Der Superfisch Zebrabärbling

Der gestreifte Zierfisch namens Zebrabärbling gehört zu einer Gruppe der Karpfenfische und steckt voller Wunder. Das einfache Genom, die schnelle Fortpflanzung und die einfache Haltung des Fisches eignen sich perfekt zur genetischen Manipulationsstudie. Bis zu 500 Eier kann das Zebrabärbling-Weibchen in einer Woche legen. Dabei sind die Fischeier durchsichtig und ermöglichen den Forschenden, die Entwicklung der Organe in der Petrischale zu beobachten und zu beeinflussen.
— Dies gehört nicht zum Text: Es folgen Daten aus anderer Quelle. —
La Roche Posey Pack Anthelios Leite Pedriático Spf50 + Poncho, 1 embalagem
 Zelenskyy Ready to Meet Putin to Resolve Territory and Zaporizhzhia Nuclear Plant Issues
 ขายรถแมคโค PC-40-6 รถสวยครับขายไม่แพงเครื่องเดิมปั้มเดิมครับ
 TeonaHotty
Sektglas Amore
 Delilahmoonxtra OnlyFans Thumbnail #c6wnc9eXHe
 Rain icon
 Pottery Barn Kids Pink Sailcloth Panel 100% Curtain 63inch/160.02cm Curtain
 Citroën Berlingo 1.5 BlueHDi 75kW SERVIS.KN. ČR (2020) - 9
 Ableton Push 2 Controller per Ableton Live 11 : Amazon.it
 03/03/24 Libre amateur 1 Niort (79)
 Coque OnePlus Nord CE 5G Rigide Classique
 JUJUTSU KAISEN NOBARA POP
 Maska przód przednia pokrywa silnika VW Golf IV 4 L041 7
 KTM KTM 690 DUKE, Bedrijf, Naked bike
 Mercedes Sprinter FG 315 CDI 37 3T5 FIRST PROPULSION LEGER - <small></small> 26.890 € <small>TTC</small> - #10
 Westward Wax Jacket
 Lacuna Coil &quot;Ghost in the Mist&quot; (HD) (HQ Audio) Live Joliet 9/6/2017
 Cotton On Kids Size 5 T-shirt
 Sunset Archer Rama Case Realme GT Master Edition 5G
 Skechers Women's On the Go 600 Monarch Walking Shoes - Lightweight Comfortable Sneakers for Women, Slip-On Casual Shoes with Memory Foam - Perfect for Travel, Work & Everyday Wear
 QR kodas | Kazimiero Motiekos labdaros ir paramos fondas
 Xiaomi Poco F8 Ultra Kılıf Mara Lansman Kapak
Auch die Zebrabärbling-Larven sind bis zur sechsten Woche durchsichtig und erlauben das Hineinblicken in die Tiere, ohne sie verletzen zu müssen.

Aus diesen und vielen weiteren Gründen wird der Zebrabärbling in der Forschung weitflächig eingesetzt und ist weltweit in mehreren tausend Forschungslaboren ein fester Bestandteil. In Karlsruhe gibt es bereits das Europäische Zebrafisch-Ressourcenzentrum (EZRC), welches den Wissenschaftler*innen den Gang zur Zoohandlung erspart.

Zebrafisch
Zebrabärblinge können ihre Flossen, Haut, Herz, Retina und Gehirn regenerieren. Bild: Pixabay


Das wohl faszinierendste an dem kleinen Fisch sind seine regenerativen Fähigkeiten. Das Abkappen der Schwanzflosse oder das Erleiden eines Herzinfarktes bedeuten im Leben eines Zebrabärlings keine Narben. Die Selbstheilungskräfte des Fisches sind erstaunlich stark und helfen den Unterwassertieren,Flossen, Herz- und Sehmuskel wieder nachwachsen zu lassen. Die medizinische Forschung ist an dieser Fähigkeit wohl am meisten interessiert und setzt sich seit Jahren mit der Regeneration auseinander. Im Zentrum für Regenerative Therapien Dresden wurde die Ursprünge der Regeneration bei Verletzungen im Gehirn der Fische untersucht.ie Forschenden konnten so den Signalweg identifizieren, welcher die Regeneration auslöst.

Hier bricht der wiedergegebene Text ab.